Congressman Joe Moakley (D-Mass.) was one of last week's snowblowers. The Boston Globe quoted Mr. Moakley, dubbed "Havana Joe" by the Cuban American National Foundation four years ago when he led a group to Cuba for a Castro kiss-up meeting, as saying: "If an American mother died in Cuba and her relatives there wanted to keep her son, the very same people who are screaming in Congress about making Elián a citizen would be calling out the Marines to grab the American boy and bring him home." The influential Democrat told the grandmas he would do all he could to kill Elián's chance for American citizenship.
Also taking the pro-Castro line was the National Council of Churches, which jetted grandmothers Raquel Rodriguez and Mariela Gonzalez from Cuba to New York to Miami to Washington and back to Miami for a government-ordered meeting with Elián at the home of Jeanne O'Laughlin, a college president and pal of Attorney General Janet Reno. The 70-year-old Dominican nun complained of the politicization of Elián's case by all sides, but was particularly angered by the propaganda campaign of the Castro government. She said, "I would go with the law that the child should be with the father, but what I saw and felt really frightened me for the child." Miss O'Laughlin now thinks Elián should stay in the United States.
Cuban-American leaders in Miami worry about polls showing the opposite sentiment. "People here in the United States don't know that the laws in Cuba are incompatible with the laws of the United States," Cuban-American activist Jose Basulto told WORLD. "If this child is returned to the island, custody will not go to the father. It will go to the state. He will be indoctrinated so that he can serve the state and the will of Castro."
Mr. Basulto is president of Brothers to the Rescue, a search-and-rescue mission that was called out on Thanksgiving Day to search via plane for Elián and others aboard a makeshift boat bound for Florida, after Miami relatives learned that Elián and his mother were missing. Mr.

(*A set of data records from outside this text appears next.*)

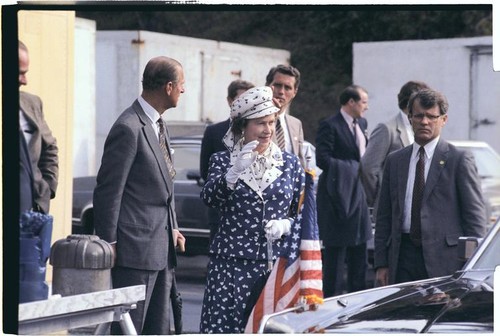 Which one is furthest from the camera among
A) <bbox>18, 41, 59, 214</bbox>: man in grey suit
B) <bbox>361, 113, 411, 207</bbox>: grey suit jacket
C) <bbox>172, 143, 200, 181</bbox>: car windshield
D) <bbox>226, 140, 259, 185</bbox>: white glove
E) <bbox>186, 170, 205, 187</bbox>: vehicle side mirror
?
<bbox>172, 143, 200, 181</bbox>: car windshield

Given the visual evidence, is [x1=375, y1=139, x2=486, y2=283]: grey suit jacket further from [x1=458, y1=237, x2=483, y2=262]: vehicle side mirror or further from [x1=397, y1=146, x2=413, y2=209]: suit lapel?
[x1=458, y1=237, x2=483, y2=262]: vehicle side mirror

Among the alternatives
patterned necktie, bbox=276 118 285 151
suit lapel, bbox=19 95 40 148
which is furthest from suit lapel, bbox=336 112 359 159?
suit lapel, bbox=19 95 40 148

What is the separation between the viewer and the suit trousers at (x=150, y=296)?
650 cm

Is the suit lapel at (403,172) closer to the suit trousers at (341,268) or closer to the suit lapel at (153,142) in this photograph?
the suit lapel at (153,142)

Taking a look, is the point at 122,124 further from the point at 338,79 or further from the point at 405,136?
the point at 338,79

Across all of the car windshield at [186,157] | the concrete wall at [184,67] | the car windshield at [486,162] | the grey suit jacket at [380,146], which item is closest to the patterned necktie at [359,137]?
the grey suit jacket at [380,146]

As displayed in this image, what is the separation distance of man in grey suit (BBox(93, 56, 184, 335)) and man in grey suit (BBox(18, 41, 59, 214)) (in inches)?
11.8

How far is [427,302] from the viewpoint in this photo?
5.11 metres

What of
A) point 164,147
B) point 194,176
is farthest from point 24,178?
point 194,176

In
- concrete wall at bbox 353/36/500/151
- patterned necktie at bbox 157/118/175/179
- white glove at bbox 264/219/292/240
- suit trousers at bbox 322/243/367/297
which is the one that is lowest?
suit trousers at bbox 322/243/367/297

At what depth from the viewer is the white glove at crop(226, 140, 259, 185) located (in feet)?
20.6

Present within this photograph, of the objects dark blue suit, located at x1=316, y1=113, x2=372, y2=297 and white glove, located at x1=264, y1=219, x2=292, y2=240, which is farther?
dark blue suit, located at x1=316, y1=113, x2=372, y2=297

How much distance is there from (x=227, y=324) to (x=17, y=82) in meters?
1.70

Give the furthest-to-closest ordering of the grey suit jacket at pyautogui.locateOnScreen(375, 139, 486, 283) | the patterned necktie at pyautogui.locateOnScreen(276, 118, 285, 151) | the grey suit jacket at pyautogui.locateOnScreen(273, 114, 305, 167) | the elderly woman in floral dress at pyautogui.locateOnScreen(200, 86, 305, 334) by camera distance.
Result: the grey suit jacket at pyautogui.locateOnScreen(273, 114, 305, 167)
the patterned necktie at pyautogui.locateOnScreen(276, 118, 285, 151)
the grey suit jacket at pyautogui.locateOnScreen(375, 139, 486, 283)
the elderly woman in floral dress at pyautogui.locateOnScreen(200, 86, 305, 334) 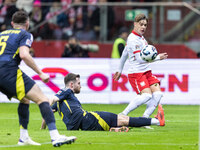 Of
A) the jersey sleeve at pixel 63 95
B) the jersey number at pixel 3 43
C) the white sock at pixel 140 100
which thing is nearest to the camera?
the jersey number at pixel 3 43

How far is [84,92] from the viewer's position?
17609 mm

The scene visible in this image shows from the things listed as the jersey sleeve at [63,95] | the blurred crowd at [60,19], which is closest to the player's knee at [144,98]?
the jersey sleeve at [63,95]

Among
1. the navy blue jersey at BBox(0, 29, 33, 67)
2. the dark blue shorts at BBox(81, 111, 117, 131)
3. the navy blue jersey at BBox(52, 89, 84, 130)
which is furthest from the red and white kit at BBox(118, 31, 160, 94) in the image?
the navy blue jersey at BBox(0, 29, 33, 67)

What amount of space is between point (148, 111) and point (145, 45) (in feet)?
4.14

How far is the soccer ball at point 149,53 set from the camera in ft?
34.9

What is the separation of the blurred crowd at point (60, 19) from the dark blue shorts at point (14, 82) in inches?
463

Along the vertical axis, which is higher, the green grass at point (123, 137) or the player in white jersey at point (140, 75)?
the player in white jersey at point (140, 75)

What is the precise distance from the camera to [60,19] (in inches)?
778

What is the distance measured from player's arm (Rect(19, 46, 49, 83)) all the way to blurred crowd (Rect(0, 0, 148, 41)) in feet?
38.6

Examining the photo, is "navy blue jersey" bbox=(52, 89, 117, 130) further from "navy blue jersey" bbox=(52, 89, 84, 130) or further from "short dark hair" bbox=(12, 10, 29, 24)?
"short dark hair" bbox=(12, 10, 29, 24)

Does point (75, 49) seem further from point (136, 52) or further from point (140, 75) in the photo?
point (140, 75)

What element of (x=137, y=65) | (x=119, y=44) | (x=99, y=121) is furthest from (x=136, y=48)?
(x=119, y=44)

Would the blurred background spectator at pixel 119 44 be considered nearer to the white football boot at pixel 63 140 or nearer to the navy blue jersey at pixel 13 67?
the navy blue jersey at pixel 13 67

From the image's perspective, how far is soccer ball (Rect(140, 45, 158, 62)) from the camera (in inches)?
418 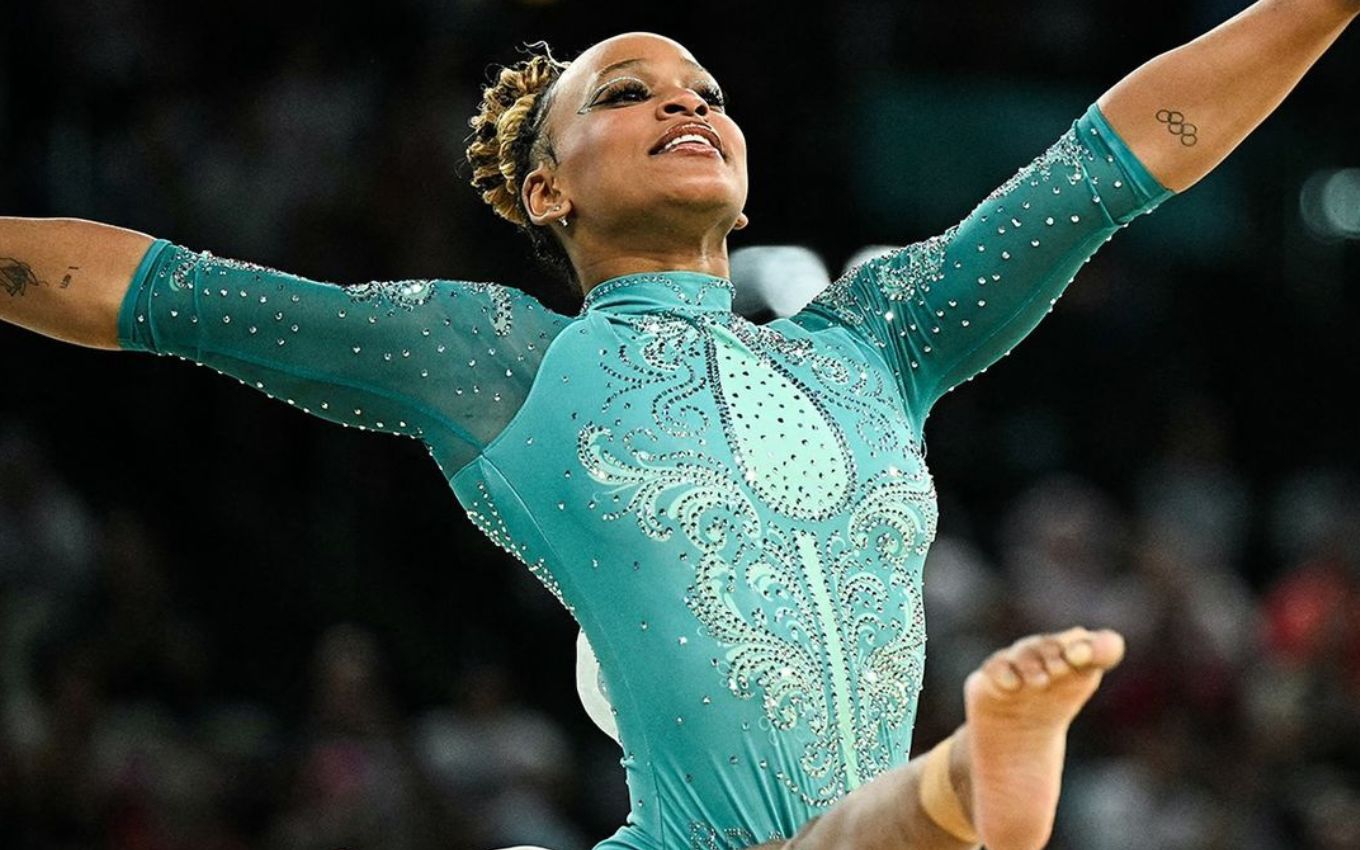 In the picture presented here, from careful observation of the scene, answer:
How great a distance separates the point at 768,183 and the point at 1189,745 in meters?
2.17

Basulto has been involved in the case ever since, meeting with Elián and his relatives nearly every day.
Mr. Basulto reiterates statements by relatives concerning Elián's own wishes. He says the boy has told him he wishes to remain in the United States. One of Elián's cousins, Georgina Cid, traveled to Washington to lobby for support for a bill to grant Elián U.S. citizenship. She was joined by the fisherman who rescued Elián at sea on Thanksgiving Day, Donato Dalrymple, and the only other survivors of the boatwreck off the Florida coast.
Florida Sen. Connie Mack urged that a silent voice should be heard in the debate, one whose actions speak louder than words: "Elián's mother, who gave her life in a quest for freedom, ought to be listened to as to what should happen with the little boy."
What will Miami's Cuban-American community do if Elián is sent home?
Mr. Basulto said, "It was a miracle of God for Elián to be sent here. If he is sent back to Cuba, maybe that is part of the purpose of God. Maybe we cannot understand what the purpose of this child will be."